◆ WHAT THIS TASK INVOLVES: Don't include any picture when you restate the data word for word.

◆ DATA PROVIDED:
- Opening Delimiter -

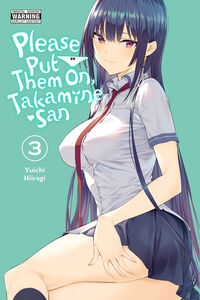 Please Put Them On Takamine-san Manga Volume 3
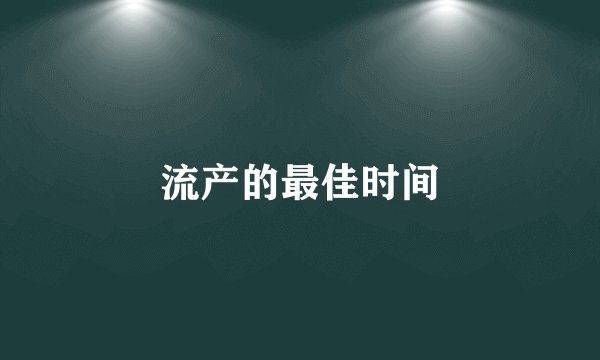 流产的最佳时间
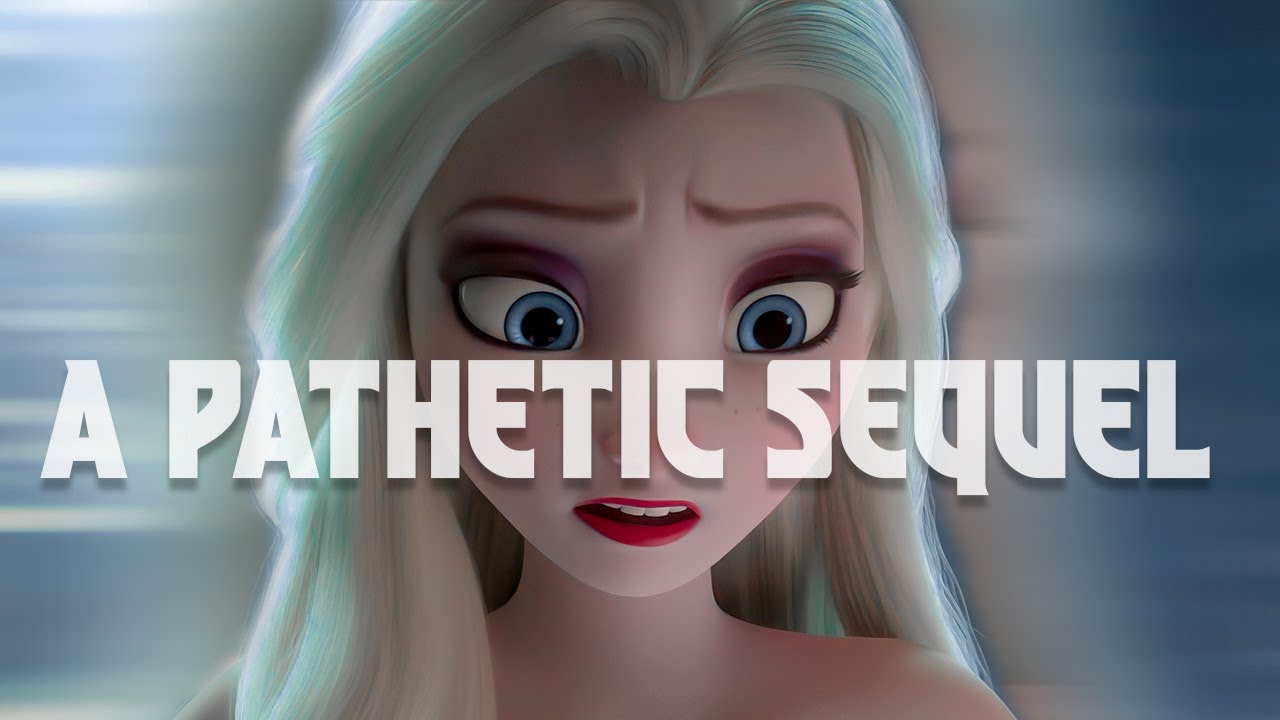 Why Frozen 2 Is A Pathetic Sequel Youtube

- Closing Delimiter -

◆ ANSWER SECTION:
 Please Put Them On Takamine-san Manga Volume 3
 流产的最佳时间
 Why Frozen 2 Is A Pathetic Sequel Youtube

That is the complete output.